Input material:
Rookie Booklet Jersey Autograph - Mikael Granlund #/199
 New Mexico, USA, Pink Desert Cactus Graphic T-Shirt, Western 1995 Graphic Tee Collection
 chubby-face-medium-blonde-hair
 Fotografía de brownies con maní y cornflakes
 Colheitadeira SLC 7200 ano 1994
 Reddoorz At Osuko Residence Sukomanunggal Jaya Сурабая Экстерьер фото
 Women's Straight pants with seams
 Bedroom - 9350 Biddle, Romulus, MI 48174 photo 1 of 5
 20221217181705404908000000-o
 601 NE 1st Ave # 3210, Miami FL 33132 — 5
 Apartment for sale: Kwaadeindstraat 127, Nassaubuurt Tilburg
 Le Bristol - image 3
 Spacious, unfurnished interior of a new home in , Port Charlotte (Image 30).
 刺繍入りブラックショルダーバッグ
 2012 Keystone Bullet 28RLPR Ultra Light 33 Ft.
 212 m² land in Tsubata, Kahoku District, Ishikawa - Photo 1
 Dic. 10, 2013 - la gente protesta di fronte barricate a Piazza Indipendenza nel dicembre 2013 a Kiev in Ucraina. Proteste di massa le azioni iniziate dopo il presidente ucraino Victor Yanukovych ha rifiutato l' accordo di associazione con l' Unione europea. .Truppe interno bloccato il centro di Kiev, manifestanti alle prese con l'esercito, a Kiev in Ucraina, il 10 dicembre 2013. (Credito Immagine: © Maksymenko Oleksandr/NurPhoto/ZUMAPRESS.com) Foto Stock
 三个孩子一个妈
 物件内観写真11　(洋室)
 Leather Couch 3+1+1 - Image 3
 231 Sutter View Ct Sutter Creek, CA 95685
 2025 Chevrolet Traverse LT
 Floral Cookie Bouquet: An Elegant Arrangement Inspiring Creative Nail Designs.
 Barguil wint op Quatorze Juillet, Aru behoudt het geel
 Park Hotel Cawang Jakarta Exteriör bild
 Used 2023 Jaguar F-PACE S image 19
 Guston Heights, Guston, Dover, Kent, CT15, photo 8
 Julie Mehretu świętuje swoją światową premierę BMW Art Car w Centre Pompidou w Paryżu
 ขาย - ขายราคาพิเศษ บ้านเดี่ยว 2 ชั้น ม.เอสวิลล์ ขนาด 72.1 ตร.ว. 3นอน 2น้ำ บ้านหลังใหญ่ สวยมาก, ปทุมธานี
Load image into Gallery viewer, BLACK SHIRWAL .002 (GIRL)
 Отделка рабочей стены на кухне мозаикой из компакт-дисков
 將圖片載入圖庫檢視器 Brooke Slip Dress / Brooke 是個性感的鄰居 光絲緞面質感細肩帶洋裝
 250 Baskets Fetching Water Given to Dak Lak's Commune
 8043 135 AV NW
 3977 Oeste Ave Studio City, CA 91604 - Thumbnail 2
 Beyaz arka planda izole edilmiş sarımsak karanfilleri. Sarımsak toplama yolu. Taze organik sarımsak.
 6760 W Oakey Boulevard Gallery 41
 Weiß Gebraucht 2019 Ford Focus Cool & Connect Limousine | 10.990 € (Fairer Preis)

Directions: Using the entries shown above, reproduce verbatim the lines from the line bearing "Floral Cookie Bouquet: An" to the line bearing "Julie Mehretu świętuje", inclusive.

Task response:
 Floral Cookie Bouquet: An Elegant Arrangement Inspiring Creative Nail Designs.
 Barguil wint op Quatorze Juillet, Aru behoudt het geel
 Park Hotel Cawang Jakarta Exteriör bild
 Used 2023 Jaguar F-PACE S image 19
 Guston Heights, Guston, Dover, Kent, CT15, photo 8
 Julie Mehretu świętuje swoją światową premierę BMW Art Car w Centre Pompidou w Paryżu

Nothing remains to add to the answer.